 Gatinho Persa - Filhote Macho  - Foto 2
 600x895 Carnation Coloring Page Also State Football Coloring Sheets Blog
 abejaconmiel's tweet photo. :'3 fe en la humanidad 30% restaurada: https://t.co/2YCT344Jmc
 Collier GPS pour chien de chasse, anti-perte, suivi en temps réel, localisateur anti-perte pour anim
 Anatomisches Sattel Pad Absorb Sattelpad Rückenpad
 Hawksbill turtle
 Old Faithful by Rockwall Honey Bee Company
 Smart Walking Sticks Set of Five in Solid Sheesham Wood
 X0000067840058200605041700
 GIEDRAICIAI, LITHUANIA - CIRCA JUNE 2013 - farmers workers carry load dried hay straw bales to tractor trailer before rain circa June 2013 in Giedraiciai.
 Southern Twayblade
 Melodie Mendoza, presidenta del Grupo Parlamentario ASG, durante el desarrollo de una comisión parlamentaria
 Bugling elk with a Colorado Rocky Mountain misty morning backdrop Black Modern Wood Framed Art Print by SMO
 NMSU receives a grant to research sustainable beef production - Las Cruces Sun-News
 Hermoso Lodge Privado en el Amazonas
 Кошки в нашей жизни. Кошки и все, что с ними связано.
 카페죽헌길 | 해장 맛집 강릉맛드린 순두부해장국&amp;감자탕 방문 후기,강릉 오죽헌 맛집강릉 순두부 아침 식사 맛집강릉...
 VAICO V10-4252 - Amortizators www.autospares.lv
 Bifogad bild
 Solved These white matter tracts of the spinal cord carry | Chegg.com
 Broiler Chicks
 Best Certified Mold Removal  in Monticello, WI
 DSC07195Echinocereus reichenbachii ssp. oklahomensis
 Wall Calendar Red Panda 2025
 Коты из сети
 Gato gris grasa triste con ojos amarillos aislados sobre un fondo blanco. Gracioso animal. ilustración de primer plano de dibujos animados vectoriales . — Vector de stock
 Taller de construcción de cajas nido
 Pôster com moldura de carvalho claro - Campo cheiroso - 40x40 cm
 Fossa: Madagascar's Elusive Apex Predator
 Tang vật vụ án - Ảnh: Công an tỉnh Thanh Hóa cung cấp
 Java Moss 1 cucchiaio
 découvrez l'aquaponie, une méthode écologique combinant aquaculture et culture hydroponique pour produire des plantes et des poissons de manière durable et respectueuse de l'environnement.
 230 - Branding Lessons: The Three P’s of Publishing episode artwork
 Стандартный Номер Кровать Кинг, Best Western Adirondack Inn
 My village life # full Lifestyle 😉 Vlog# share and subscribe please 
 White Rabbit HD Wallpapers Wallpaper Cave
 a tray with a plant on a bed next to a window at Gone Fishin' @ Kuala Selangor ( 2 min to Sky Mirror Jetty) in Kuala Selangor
# # #
WHAT THE TASK ASKS ->
What is the number of lines in the data that hold the string "carry"? Answer with the number only.

ANSWER SECTION ->
2